Records from a collection:
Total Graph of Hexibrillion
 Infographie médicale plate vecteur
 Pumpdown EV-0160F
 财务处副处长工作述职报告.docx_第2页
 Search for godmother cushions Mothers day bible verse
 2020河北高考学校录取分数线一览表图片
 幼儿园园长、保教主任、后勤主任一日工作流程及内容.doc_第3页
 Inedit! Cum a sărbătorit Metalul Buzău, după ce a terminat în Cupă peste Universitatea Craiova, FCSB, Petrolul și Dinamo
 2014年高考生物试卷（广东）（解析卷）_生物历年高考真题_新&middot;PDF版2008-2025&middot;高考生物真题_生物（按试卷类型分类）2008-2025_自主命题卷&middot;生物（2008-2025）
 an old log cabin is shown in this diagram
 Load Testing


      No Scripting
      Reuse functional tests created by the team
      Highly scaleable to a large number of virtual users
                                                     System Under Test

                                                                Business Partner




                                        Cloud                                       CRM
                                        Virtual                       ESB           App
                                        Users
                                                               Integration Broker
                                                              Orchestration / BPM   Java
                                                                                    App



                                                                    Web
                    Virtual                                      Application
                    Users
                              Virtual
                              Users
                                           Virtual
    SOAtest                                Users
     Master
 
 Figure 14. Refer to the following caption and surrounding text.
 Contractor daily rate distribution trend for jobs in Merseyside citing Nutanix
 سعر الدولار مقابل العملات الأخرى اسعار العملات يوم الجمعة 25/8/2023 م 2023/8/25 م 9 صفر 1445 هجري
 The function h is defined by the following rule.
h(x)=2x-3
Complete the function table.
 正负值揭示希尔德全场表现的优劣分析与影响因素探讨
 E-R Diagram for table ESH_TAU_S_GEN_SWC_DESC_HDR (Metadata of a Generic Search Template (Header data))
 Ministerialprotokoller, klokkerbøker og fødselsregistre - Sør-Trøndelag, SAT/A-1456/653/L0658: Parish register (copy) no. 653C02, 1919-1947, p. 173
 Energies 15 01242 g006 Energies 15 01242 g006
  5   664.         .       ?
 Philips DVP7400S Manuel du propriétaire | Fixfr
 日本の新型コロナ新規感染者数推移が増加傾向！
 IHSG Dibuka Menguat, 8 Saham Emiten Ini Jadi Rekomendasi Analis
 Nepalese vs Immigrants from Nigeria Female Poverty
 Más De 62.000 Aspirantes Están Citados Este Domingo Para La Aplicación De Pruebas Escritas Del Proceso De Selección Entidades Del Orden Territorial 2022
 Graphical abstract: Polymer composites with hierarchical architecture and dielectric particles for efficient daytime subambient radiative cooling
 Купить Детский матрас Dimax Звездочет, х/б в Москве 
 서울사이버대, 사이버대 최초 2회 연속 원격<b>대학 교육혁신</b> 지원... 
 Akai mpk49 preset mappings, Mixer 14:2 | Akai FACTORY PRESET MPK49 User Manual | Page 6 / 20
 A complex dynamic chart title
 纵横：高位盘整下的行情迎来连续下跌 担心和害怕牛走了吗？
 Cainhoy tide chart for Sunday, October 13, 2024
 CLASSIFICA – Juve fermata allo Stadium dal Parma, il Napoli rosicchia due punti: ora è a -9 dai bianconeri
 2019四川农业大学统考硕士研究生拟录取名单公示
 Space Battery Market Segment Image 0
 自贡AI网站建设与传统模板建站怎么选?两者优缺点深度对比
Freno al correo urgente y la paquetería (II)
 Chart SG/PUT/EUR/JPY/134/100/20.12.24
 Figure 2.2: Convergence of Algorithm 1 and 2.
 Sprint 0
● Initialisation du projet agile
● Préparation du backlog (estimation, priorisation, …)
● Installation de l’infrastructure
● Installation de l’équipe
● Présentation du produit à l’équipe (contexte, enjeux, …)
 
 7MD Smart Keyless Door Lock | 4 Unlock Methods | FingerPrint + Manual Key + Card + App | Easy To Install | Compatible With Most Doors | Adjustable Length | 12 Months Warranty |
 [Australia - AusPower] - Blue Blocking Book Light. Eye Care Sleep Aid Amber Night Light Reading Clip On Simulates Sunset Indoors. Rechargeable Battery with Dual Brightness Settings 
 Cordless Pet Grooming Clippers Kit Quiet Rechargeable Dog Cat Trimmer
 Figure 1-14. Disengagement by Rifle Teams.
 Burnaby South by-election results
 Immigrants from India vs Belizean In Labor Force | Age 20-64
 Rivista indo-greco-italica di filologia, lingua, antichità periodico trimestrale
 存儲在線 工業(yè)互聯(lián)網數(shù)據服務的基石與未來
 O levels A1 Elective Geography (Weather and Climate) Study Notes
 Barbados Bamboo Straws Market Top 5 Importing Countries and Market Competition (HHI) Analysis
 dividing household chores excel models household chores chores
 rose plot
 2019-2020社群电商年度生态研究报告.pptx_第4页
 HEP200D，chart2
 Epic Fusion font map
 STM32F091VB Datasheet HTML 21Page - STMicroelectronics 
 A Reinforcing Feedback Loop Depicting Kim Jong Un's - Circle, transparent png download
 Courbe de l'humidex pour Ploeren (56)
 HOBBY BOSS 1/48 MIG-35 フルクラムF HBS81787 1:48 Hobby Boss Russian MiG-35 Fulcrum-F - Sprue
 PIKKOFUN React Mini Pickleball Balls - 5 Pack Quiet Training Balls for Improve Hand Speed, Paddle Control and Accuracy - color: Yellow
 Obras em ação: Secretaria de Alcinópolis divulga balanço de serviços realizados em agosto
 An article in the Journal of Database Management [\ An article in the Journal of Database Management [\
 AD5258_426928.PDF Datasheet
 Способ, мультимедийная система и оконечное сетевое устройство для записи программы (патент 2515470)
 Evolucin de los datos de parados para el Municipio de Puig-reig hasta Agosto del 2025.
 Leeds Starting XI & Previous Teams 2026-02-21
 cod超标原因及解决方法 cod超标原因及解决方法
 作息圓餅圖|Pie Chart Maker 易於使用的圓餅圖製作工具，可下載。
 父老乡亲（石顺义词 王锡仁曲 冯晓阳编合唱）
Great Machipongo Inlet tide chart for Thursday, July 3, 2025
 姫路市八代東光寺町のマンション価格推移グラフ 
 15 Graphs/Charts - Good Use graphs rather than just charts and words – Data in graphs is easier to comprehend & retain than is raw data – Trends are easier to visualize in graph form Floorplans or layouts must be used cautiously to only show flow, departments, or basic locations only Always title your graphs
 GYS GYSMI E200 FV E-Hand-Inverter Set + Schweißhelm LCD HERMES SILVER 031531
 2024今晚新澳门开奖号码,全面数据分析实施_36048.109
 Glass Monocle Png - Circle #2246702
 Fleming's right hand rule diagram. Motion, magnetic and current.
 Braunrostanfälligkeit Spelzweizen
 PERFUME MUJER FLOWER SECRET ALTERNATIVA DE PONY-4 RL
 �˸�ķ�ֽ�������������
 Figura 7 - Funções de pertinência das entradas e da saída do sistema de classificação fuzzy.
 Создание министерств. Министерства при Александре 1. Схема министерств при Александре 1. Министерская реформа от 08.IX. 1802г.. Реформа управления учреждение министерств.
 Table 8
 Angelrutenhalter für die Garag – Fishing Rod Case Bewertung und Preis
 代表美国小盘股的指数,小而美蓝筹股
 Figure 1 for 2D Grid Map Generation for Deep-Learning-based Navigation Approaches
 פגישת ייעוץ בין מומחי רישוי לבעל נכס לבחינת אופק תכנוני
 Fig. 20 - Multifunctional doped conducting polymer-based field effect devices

▸ Exercise:
Among the records above, a stretch begins at the line containing "Figure 2.2: Convergence" and ends at the line containing "存儲在線 工業(yè)互聯(lián)網數(shù)據服務的基石與未來". Restate that stretch word for word, and nothing else.

▸ Written reply:
 Figure 2.2: Convergence of Algorithm 1 and 2.
 Sprint 0
● Initialisation du projet agile
● Préparation du backlog (estimation, priorisation, …)
● Installation de l’infrastructure
● Installation de l’équipe
● Présentation du produit à l’équipe (contexte, enjeux, …)
 
 7MD Smart Keyless Door Lock | 4 Unlock Methods | FingerPrint + Manual Key + Card + App | Easy To Install | Compatible With Most Doors | Adjustable Length | 12 Months Warranty |
 [Australia - AusPower] - Blue Blocking Book Light. Eye Care Sleep Aid Amber Night Light Reading Clip On Simulates Sunset Indoors. Rechargeable Battery with Dual Brightness Settings 
 Cordless Pet Grooming Clippers Kit Quiet Rechargeable Dog Cat Trimmer
 Figure 1-14. Disengagement by Rifle Teams.
 Burnaby South by-election results
 Immigrants from India vs Belizean In Labor Force | Age 20-64
 Rivista indo-greco-italica di filologia, lingua, antichità periodico trimestrale
 存儲在線 工業(yè)互聯(lián)網數(shù)據服務的基石與未來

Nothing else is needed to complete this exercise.